EXERCISE AIM
Give again, exactly and without pictures, the lines running from the line with "323 Roan Dr, Grants" to the end of the records below.

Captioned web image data
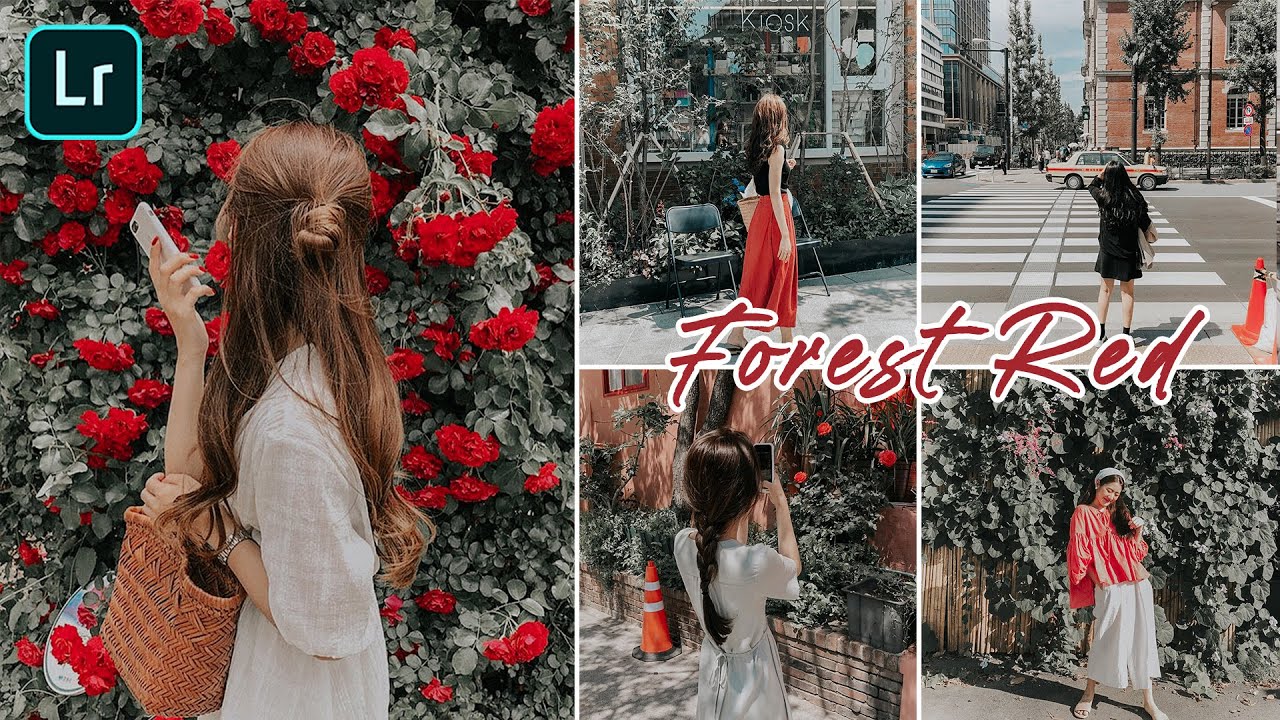 How to Edit Forest Red Presets |  Lightroom Mobile Presets Tutorial Free DNG XMP Editing Tutorial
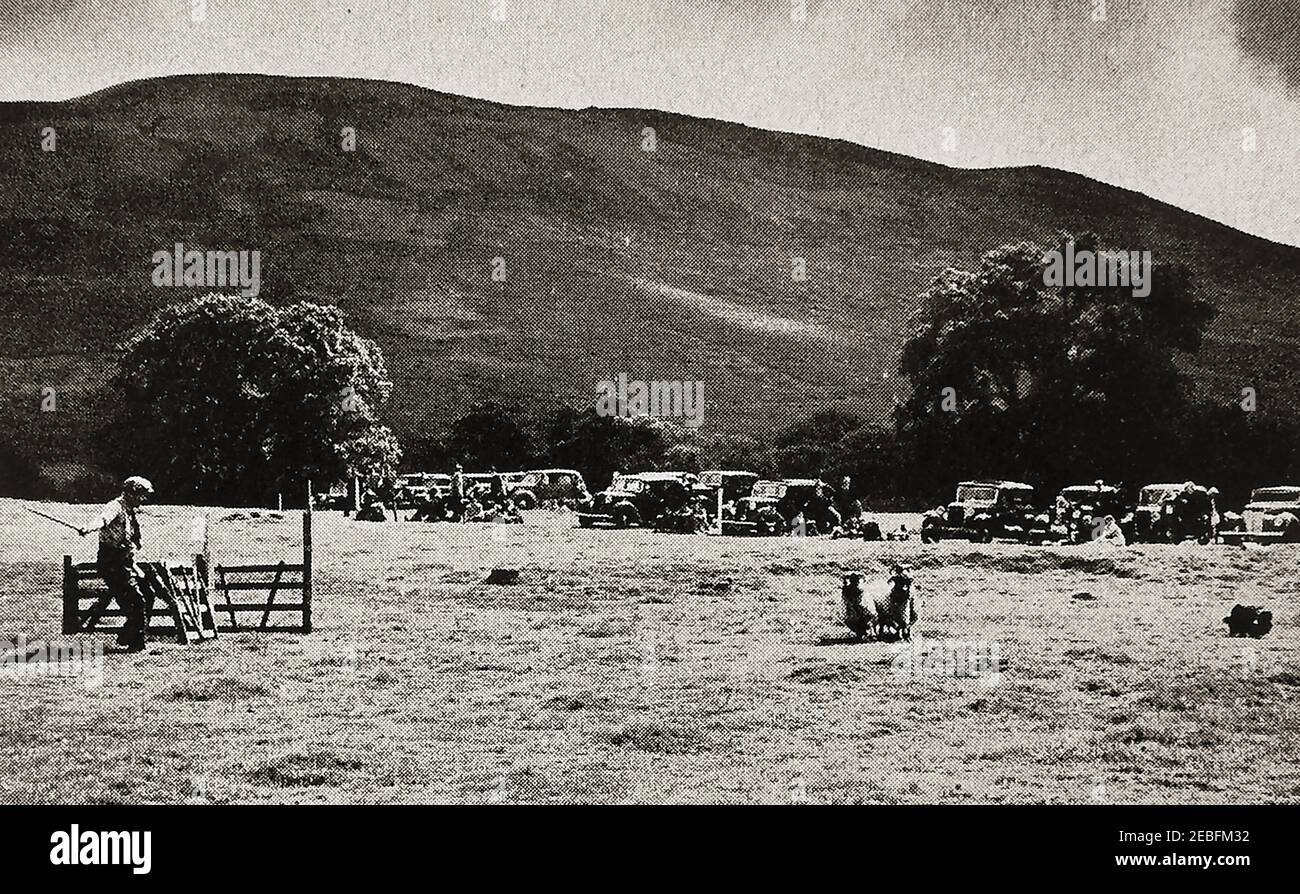 Une photographie de presse des premiers essais de chiens de berger traditionnels à Westmorland, en Angleterre. Les vieux véhicules suggèrent que la photo a été prise à la fin des années 1940 ou très au début des années 1950. On dit que les essais de chiens de berger se seraient propagé à Wanaka, en Nouvelle-Zélande, en 1867 et ont été rapidement adoptés en Grande-Bretagne dans les années à venir. (La première a eu lieu à Bala, au pays de Galles, le 9 octobre 1873, organisé par Richard John Lloyd Price, squire of Rhiwlas Estate ). Banque D'Images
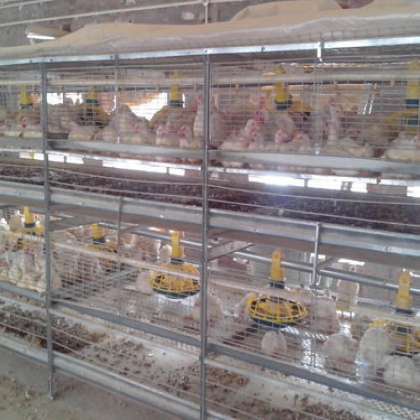 H Type Boiler Battery Cage, 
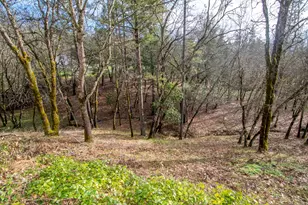 323 Roan Dr, Grants Pass, OR 97526 - Photo 60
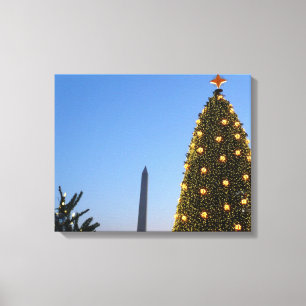Lienzo Grandes y pequeños árboles de Navidad en DC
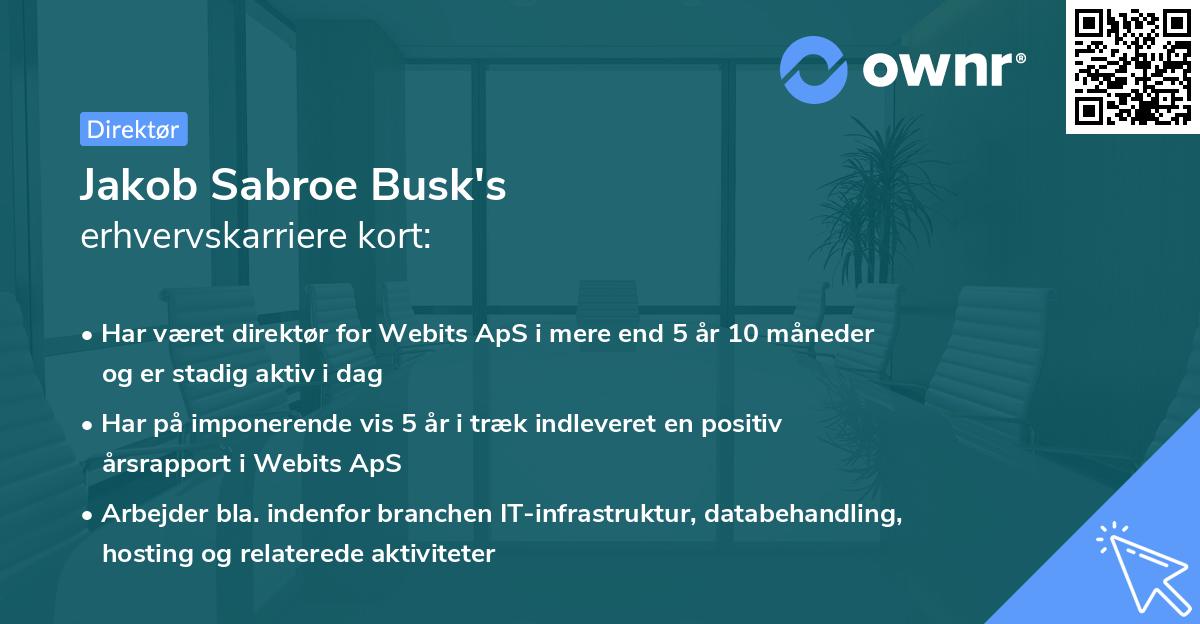 Jakob Sabroe Busk's erhvervskarriere kort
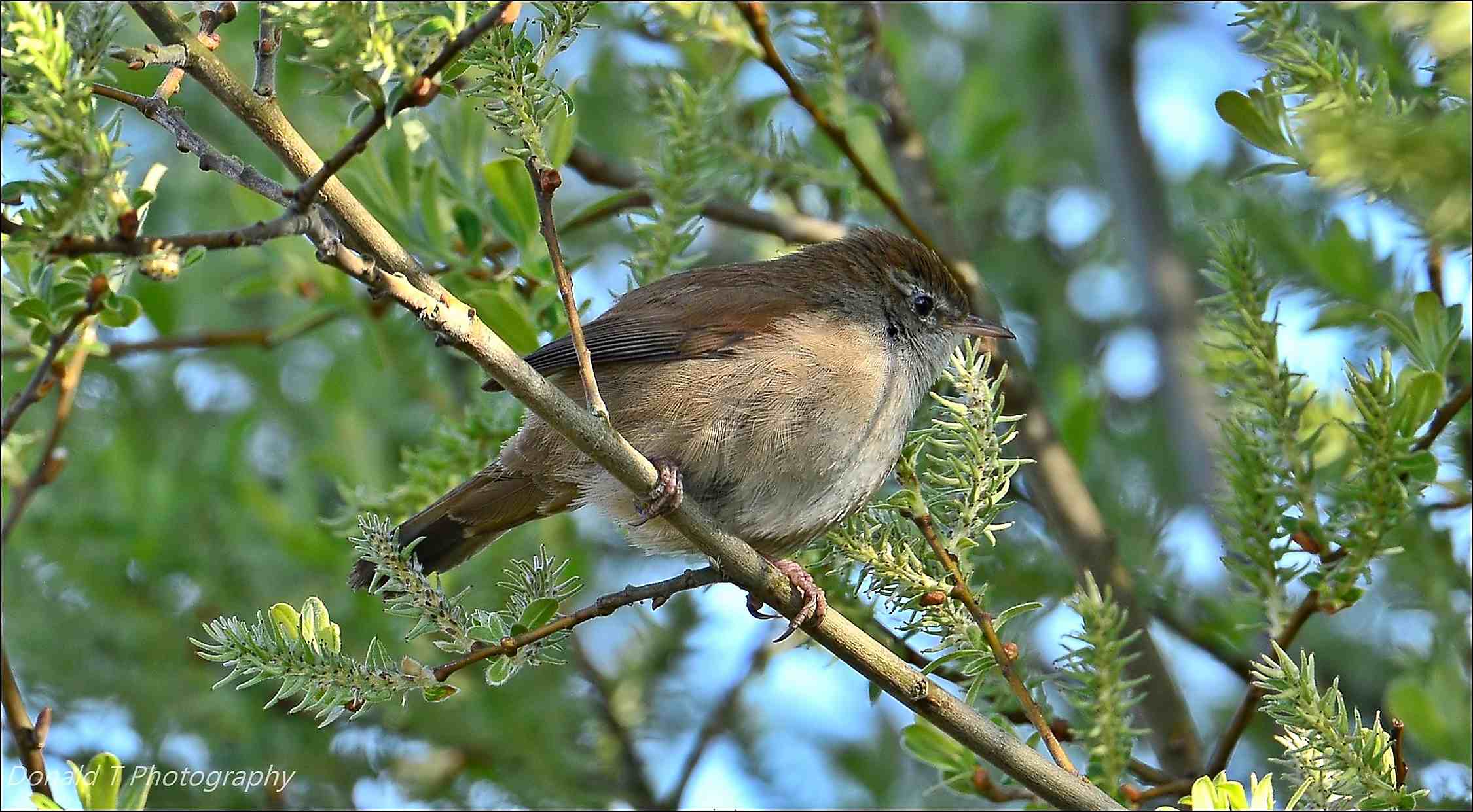 Cetti’s warbler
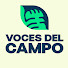 1X7moiWbF6M-channel-avatar-Voces del Campo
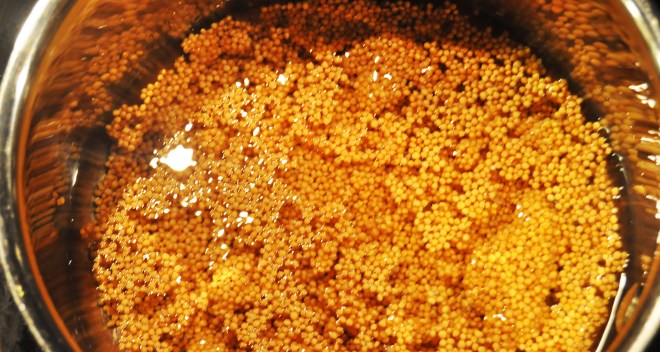 syltet sennepsfrø_koking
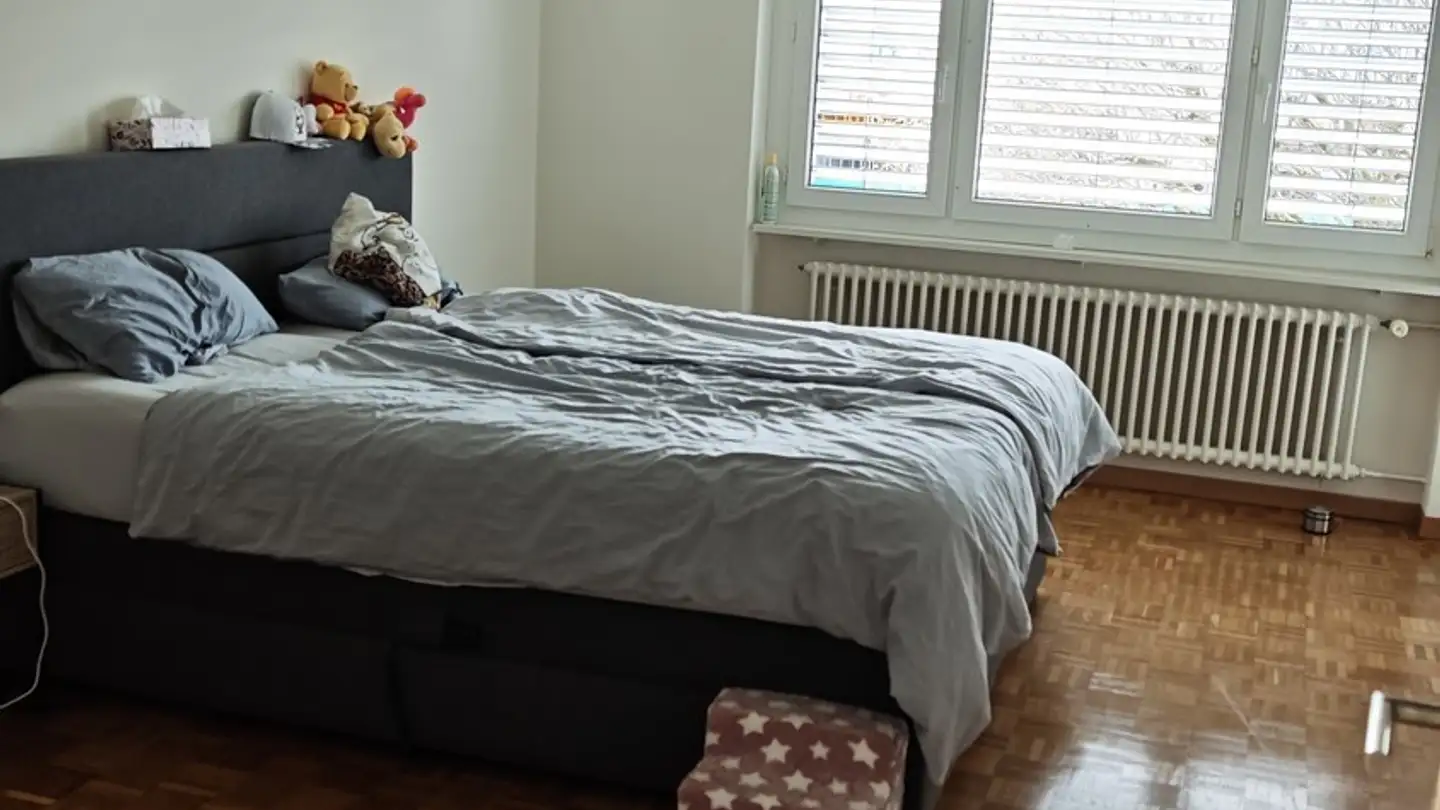 Appartamento in affitto - Luzernerstrasse 9, 6030 Ebikon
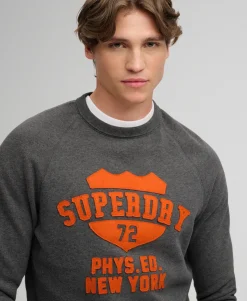 Athletic Felt Applique Crew Neck Sweatshirt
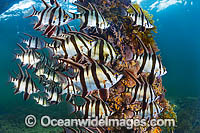 Old Wife Enoplosus armatus Photo - Gary Bell
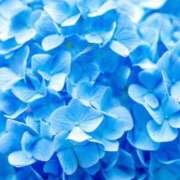 ヒメ日記 2025/06/11 08:42 投稿 ふうか 妻天 京橋店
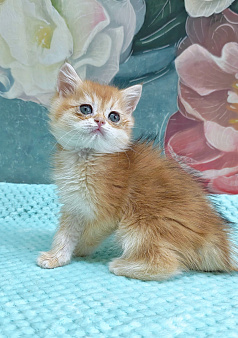 Шотландский прямоухий мальчик золотая шиншилла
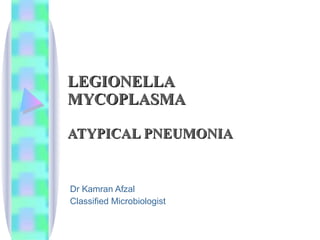 LEGIONELLA MYCOPLASMA ATYPICAL PNEUMONIA Dr Kamran Afzal Classified Microbiologist 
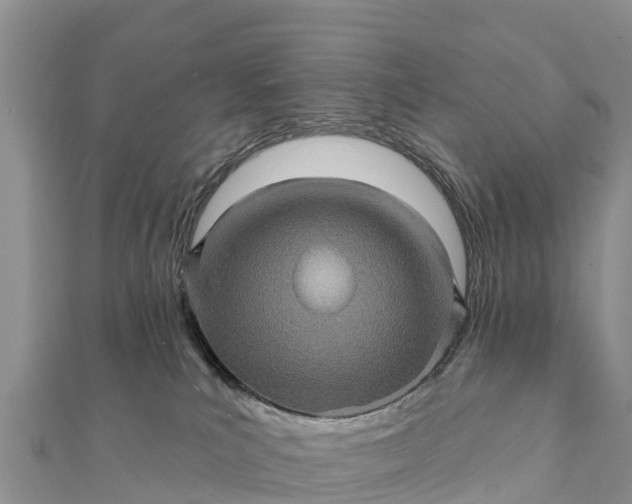 X0000112100039200908181335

EXERCISE ANSWER
 323 Roan Dr, Grants Pass, OR 97526 - Photo 60
Lienzo Grandes y pequeños árboles de Navidad en DC
 Jakob Sabroe Busk's erhvervskarriere kort
 Cetti’s warbler
 1X7moiWbF6M-channel-avatar-Voces del Campo
 syltet sennepsfrø_koking
 Appartamento in affitto - Luzernerstrasse 9, 6030 Ebikon
 Athletic Felt Applique Crew Neck Sweatshirt
 Old Wife Enoplosus armatus Photo - Gary Bell
 ヒメ日記 2025/06/11 08:42 投稿 ふうか 妻天 京橋店
 Шотландский прямоухий мальчик золотая шиншилла
 LEGIONELLA MYCOPLASMA ATYPICAL PNEUMONIA Dr Kamran Afzal Classified Microbiologist 
 X0000112100039200908181335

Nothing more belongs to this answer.